On Monday, Canada elected a centre-left Liberal government, with Justin Trudeau as the new Prime Minister. Expectations are high and they are likely to come down to earth in the next few years. Bloomberg recently highlighted analysis by HSBC Canada David Watt of the challenges facing the Trudeau government:
"Until Canada overcomes its productivity and competitiveness hurdles, it will continue to feature cyclical behaviors similar to those of emerging-market economies," Watt wrote.Watt had the same reservations about productivity that I did (see my past post, Uh-oh, Canada!):
In his report, Watt joins some of his peers in arguing that an economic acceleration south of the Canadian border doesn't pack the same punch it once did. Bank of America Merrill Lynch Canada and U.S. Economist Emanuella Enenajor has detailed how Canada's sensitivity to U.S. domestic demand has been on the decline, while Steven Englander, Citibank's global head of G-10 currency strategy, has connected the subdued performance of Canada's non-energy exports to the ascendance of Mexico in U.S. manufacturing. Mexico now benefits handsomely from its proximity to the U.S. and enjoys its position as an integral part of many supply chains.As an investor, I would like to see the government, any government, take steps to boost Canadian competitiveness. The "old" ideas of the former Conservative government of "get government out of the way of business" only goes so far.

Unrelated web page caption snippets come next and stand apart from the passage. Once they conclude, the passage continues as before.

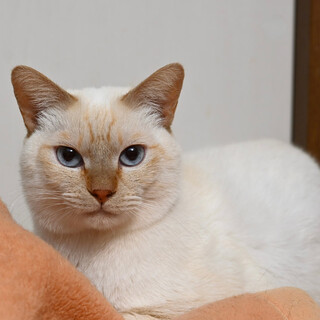 ハンサムなシャムミックスのフィガロくん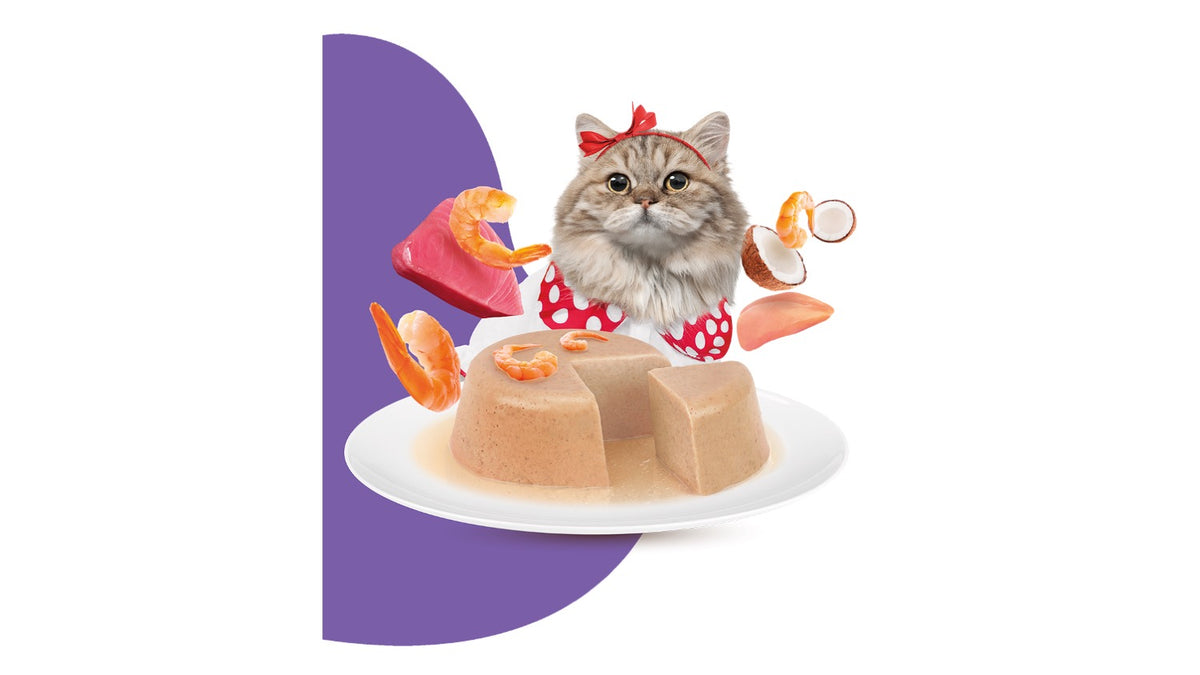 MOOCHIE  HAIRBALL CARE ( GRAIN FREE ). 70 GR.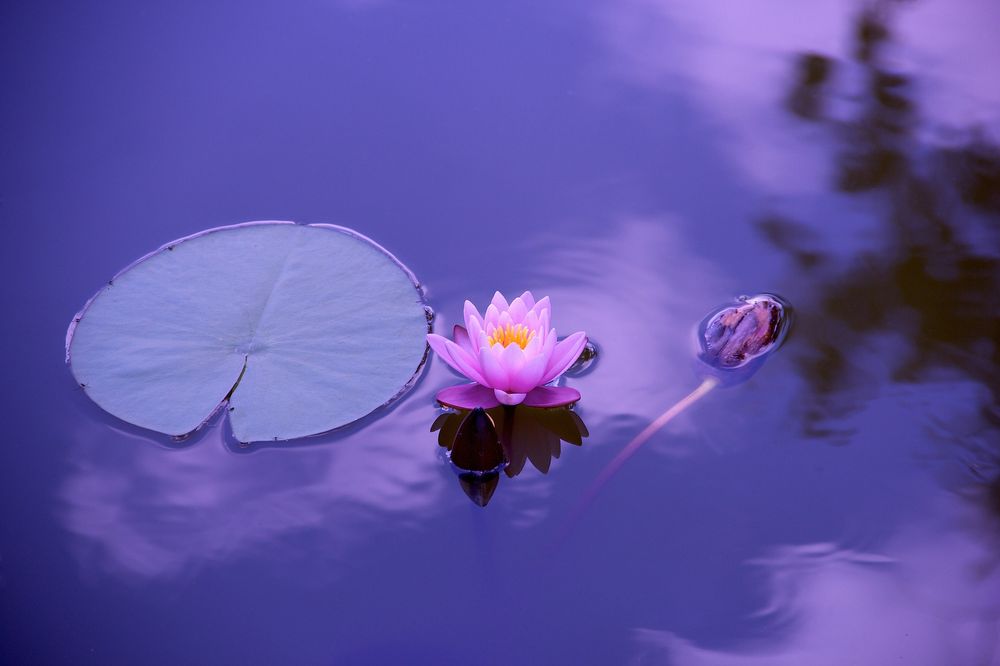 Photo credit: 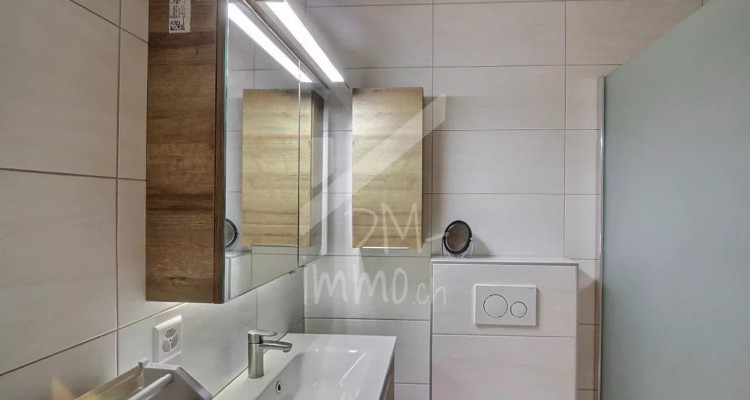 Appartement 2,5 P rénové, grande terrasse sud et véranda image 8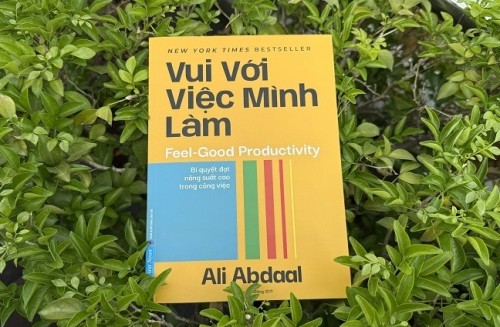 ‘Vui với việc mình làm’ - Bí mật của năng suất không nằm ở kỷ luật, mà ở niềm vui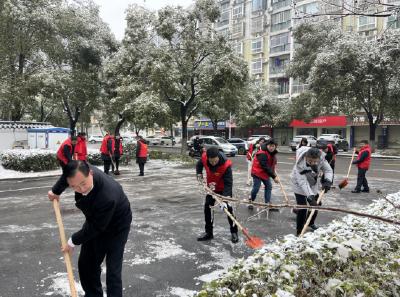 市生态环境局开展“我为群众办实事扫雪除冰清障活动”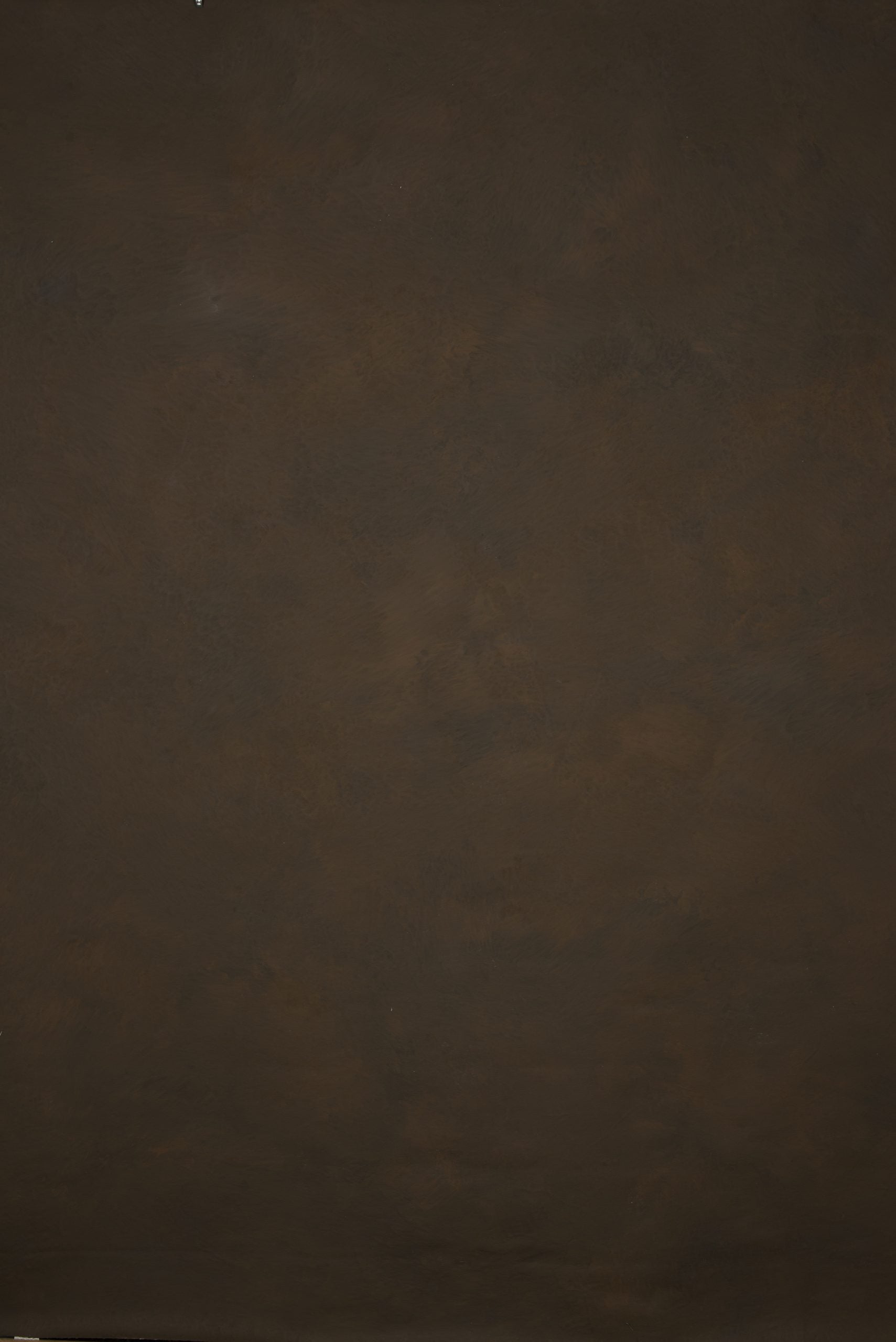 12871 Brown Mid Text M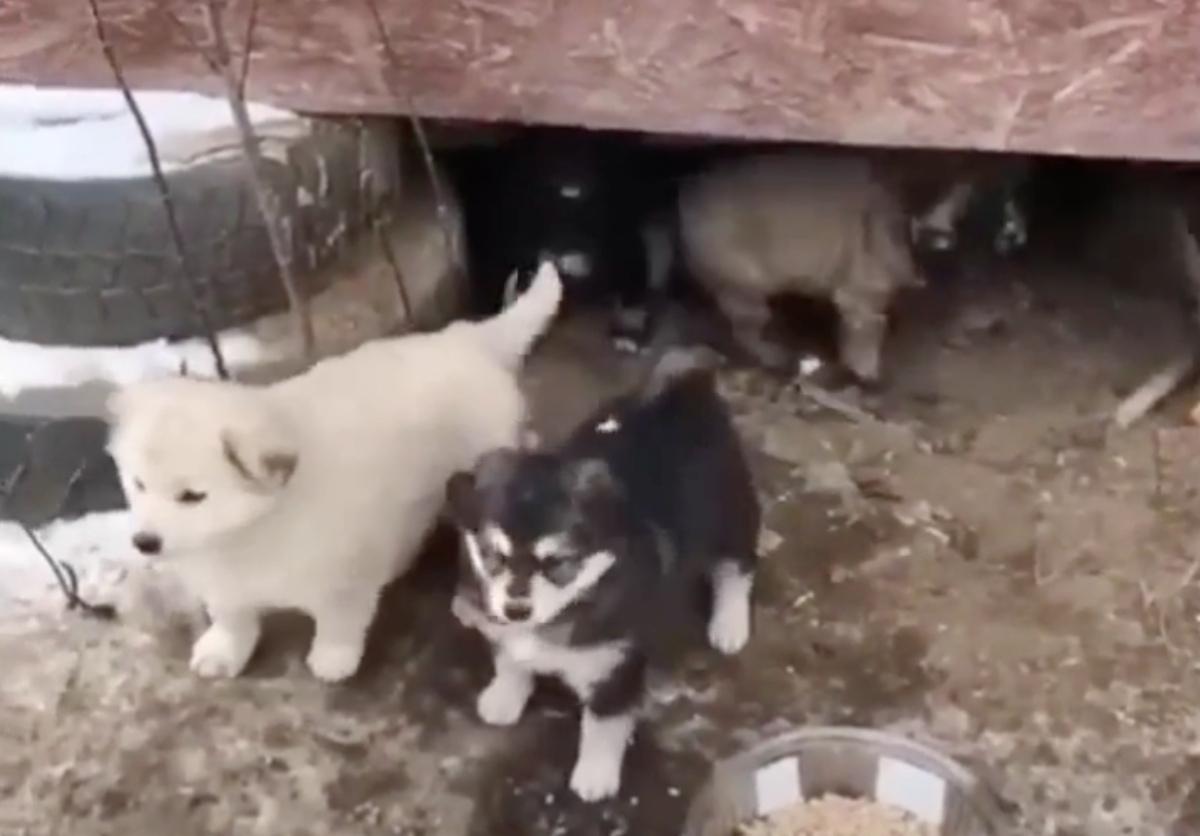 five puppies in the cold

Canada's weakened currency has helped the nation increase its cost competitiveness with the U.S., Watt acknowledges, but hasn't significantly shifted the calculus.
Generally speaking, HSBC economists have found little evidence of exchange rate depreciation fueling export growth since the financial crisis. And some contend the weak exchange rate actually impedes productivity growth. The increase in competitiveness through lower labor costs masks productivity shortcomings, while the soft domestic currency makes importing such materials more expensive, the thinking goes.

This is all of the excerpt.